Philosophy of the World lurches into action with the title track. “Oh the rich people want what the poor people get and the poor people want what the rich people get. The skinny people want what the fat people get and the fat people want what the skinny people get. You can never please anybody in this world.” This sophomoric lyric is sung over rudimentary strumming with an out of pace drum track. We are off to a rousing start! The table has been aptly set for confusion.

“That Little Sports Car” actually has a background vocal that may signify that the girls may have heard of the Velvet Underground and Nico. It’s at moments like this that the listener may believe that there may be something hidden here. Is this some sort of elaborate ruse? Do the girls really know what they are doing and the joke is on us?

“Who are Parents” is an ode, me thinks,shags to their manager/father. “Parents are the ones who care, who are parents, parents are the ones who always care.” I am left with a lingering question.

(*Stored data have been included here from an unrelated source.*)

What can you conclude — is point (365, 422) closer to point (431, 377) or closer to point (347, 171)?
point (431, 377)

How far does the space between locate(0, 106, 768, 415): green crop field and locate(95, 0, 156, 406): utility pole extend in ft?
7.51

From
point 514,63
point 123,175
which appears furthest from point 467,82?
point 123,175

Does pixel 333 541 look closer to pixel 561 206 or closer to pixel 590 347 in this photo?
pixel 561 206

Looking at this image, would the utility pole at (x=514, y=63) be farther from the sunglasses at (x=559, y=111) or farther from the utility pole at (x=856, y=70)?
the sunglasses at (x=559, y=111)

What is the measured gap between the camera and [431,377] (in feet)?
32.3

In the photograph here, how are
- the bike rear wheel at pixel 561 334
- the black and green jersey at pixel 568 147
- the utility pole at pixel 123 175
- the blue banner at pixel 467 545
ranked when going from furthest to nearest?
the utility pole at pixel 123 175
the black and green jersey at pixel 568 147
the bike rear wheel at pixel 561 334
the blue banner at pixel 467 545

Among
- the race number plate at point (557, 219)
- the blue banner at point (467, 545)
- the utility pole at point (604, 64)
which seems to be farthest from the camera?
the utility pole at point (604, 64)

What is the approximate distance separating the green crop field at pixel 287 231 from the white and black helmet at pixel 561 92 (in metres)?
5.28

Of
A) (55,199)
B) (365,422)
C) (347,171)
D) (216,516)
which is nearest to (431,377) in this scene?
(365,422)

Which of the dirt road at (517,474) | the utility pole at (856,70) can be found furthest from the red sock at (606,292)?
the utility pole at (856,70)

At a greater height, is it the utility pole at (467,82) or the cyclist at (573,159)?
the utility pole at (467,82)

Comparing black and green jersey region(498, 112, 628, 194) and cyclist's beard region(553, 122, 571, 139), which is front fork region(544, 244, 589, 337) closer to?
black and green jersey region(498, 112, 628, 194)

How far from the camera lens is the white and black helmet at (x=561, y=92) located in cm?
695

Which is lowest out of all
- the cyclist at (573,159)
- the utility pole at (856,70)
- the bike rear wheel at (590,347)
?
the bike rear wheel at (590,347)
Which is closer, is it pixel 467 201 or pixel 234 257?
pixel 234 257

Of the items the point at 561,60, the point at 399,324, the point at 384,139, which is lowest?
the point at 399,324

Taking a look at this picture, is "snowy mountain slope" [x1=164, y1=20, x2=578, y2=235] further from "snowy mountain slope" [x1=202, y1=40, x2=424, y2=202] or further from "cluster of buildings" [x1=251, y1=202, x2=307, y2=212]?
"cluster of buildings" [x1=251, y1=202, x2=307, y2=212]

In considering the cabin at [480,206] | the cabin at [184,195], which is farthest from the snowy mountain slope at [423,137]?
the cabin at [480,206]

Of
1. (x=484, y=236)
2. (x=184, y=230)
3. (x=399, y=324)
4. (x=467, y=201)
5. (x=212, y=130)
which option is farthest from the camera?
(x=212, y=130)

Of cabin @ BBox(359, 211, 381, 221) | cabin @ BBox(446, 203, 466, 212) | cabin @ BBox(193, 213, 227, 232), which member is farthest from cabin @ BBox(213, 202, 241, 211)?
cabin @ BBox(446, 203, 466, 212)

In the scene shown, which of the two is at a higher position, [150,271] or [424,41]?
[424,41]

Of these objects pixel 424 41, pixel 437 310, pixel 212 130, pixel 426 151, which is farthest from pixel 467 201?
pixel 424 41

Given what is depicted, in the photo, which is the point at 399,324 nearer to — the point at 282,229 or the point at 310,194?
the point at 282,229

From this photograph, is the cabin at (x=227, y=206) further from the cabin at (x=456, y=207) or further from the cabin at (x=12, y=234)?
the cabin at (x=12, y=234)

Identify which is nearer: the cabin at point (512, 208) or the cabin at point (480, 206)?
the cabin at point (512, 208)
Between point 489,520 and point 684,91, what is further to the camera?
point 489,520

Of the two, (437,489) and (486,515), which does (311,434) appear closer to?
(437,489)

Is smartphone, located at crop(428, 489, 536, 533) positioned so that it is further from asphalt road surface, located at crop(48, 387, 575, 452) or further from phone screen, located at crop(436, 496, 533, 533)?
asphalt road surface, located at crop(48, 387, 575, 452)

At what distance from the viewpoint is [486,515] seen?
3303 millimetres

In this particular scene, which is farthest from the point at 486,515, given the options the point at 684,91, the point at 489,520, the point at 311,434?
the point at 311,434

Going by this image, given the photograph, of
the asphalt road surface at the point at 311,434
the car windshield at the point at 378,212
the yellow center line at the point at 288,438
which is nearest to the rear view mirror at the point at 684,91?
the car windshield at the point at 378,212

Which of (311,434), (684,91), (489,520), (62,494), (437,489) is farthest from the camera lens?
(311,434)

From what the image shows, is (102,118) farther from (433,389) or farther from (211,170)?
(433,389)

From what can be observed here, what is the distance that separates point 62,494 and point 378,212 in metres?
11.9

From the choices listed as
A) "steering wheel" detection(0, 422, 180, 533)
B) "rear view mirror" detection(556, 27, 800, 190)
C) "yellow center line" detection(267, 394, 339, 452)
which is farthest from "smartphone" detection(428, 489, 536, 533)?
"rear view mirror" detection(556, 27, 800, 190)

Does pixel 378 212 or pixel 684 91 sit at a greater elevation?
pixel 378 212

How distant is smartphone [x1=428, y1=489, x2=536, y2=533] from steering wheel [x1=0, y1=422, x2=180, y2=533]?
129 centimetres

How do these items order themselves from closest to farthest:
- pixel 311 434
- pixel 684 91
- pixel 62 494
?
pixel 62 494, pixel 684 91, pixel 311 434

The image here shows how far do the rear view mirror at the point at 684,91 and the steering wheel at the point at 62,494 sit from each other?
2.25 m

Do they really mean this? When their dad passed away in the mid-1970’s, The Shaggs never seriously played again. (They did play a show or two in 1999). Were they forced to be in this band as was rumored? Are we listening to a Mommy Dearest moment?

“My Pal Foot Foot” is frequently called the album’s high point. This song describes the writer’s longing for a missing friend. This song is so ambiguously written that I can’t figure out if Foot Foot is an animal or person. The song starts and ends with a drum pattern that could have been written by someone who actually hates drums. It is almost painful to listen to. Or is it perversely beautiful?

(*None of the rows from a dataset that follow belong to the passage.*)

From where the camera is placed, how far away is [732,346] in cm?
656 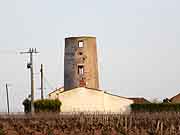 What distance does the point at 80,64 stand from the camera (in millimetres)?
60531

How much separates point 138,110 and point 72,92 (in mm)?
7513

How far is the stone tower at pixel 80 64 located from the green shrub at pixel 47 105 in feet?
30.4

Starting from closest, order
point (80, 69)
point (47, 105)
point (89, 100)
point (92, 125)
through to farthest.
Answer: point (92, 125)
point (47, 105)
point (89, 100)
point (80, 69)

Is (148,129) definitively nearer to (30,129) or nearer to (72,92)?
(30,129)

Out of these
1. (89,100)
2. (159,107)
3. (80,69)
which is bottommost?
(159,107)

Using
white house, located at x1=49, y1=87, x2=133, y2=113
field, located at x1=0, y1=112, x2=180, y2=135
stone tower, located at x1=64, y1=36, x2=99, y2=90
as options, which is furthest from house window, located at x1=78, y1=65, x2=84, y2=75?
field, located at x1=0, y1=112, x2=180, y2=135

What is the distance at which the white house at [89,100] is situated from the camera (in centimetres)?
5300

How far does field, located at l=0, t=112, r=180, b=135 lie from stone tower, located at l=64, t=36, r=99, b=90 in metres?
22.2

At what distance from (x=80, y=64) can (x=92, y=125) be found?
2452 cm

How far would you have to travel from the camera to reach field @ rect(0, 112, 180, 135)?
34062 mm

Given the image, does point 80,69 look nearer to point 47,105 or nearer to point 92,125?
point 47,105

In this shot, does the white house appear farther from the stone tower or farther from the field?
the field

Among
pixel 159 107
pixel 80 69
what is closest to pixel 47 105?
pixel 159 107

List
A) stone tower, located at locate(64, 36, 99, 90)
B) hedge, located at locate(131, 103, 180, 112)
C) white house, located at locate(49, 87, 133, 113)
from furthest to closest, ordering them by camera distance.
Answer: stone tower, located at locate(64, 36, 99, 90)
white house, located at locate(49, 87, 133, 113)
hedge, located at locate(131, 103, 180, 112) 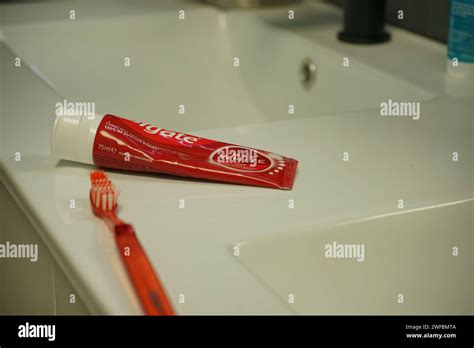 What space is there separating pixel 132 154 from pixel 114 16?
0.57m

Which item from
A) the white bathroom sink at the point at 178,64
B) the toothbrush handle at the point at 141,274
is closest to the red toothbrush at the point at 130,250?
the toothbrush handle at the point at 141,274

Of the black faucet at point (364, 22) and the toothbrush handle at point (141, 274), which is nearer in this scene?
the toothbrush handle at point (141, 274)

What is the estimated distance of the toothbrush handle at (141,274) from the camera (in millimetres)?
507

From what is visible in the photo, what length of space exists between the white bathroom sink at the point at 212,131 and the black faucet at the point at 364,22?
0.07 feet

And so it goes. A dozen tunes over about 32 minutes. The average music fan would shoot you a look that says “What in God’s name are you making me listen to?” The contrarian may hear some greatness here. As I listened to Philosophy of the World and wrote these vagaries, I bounced back and forth between the two sides. Where is Noah’s Ark? Who killed JFK? Will the Cubs ever win the World Series? How many licks does it take to get to the center of a tootsie pop? What to think of Philosophy of the World by the Shaggs?

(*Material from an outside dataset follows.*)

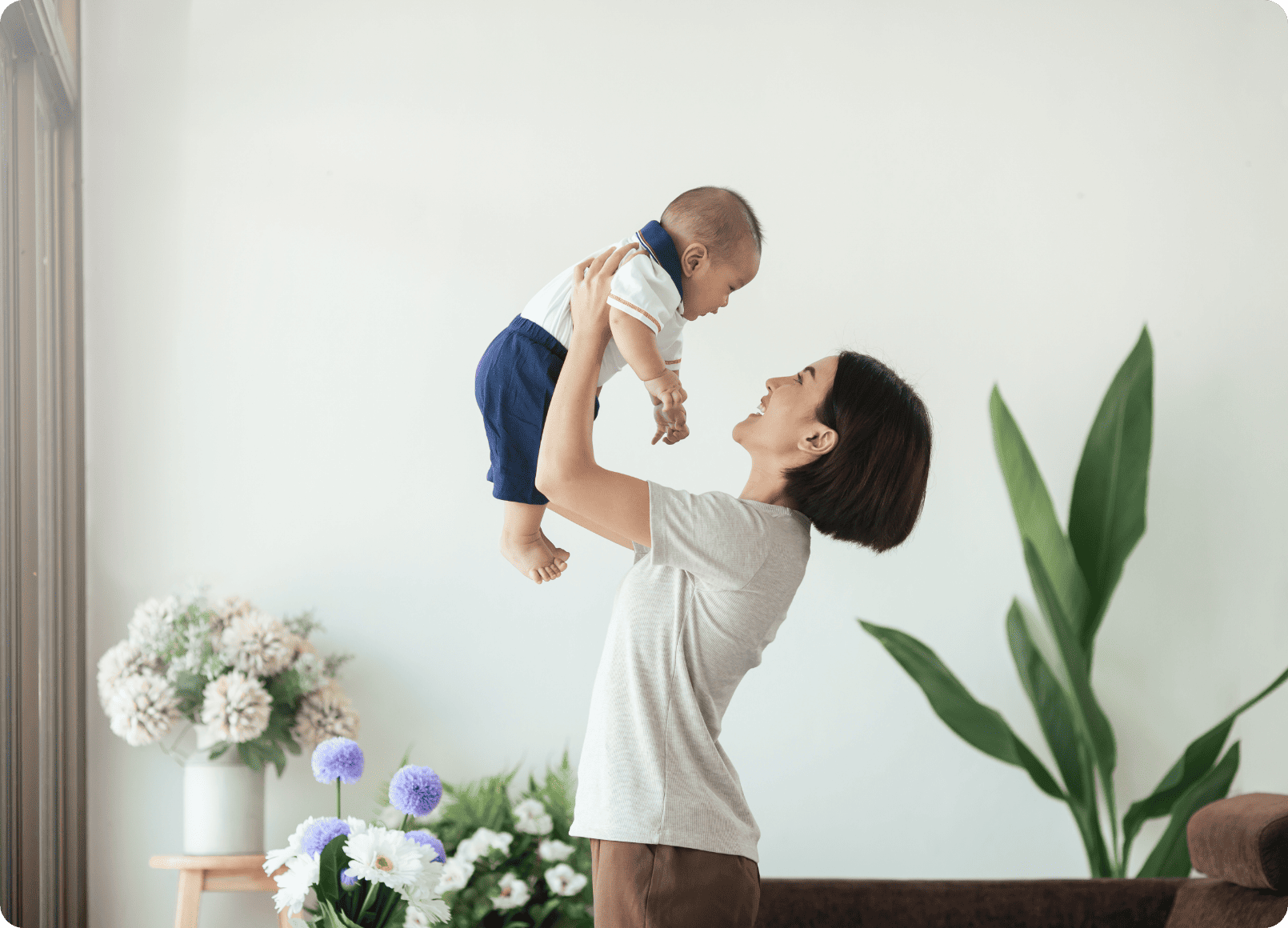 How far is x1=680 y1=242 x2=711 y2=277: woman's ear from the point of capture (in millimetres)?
1217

– Jim McCabe, Lena, Illinois, USAPlease visit and LIKE our facebook page

  Track listing

  1.  “Philosophy of the World” – 2:56shaggsplay
  2. “That Little Sports Car” – 2:06
  3. “Who Are Parents?” – 2:58
  4. “My Pal Foot Foot” – 2:31
  5. “My Companion” – 2:04
  6. “I’m So Happy When You’re Near” – 2:12
  7. “Things I Wonder” – 2:12
  8. “Sweet Thing” – 2:57
  9. “It’s Halloween” – 2:22
  10. “Why Do I Feel?” – 3:57
  11. “What Should I Do?” – 2:18
  12. “We Have a Savior” – 3:06

Personnel

  • Dorothy (aka Dot) Wiggin – lead guitar, vocals
  • Betty Wiggin Porter – rhythm guitar, vocals
  • Helen Wiggin – drums
  • Rachel Wiggin – bass guitar on “That Little Sports Car”

Here’s the album in its entirety. 

Posted by Larry Carta

2 Comments

  1. Kelly Bradford (29 Jul 2013, 16:58)
    Reply

    This album is available on iTunes, Man, it’s really uncool to be sending readers to a link where they can get the whole thing for free, especially for a record like this. Dorothy Wiggins is entitled to royalties, surely.

    • Larry Carta (30 Jul 2013, 1:47)
      Reply

      Kelly, I understand what you’re saying… but we’re not putting music on YouTube that wasn’t there previously. We do NOT upload music to YouTube. If she has a problem with her music being on YouTube then she should have it removed. It’s very easy to do. As long as she shows she has no problem with it being there then we have no problem showing that it’s there. Not to mention the tons of hits that and exposure that she’ll be getting from our giving new exposure to an album that’s 44 years old. Also.. they can’t “get it there” they can just listen to it there. Lastly, if an artist does ask us to remove a link to a something that’s on YouTube we’re more than happy to take it down. Thanks for writing.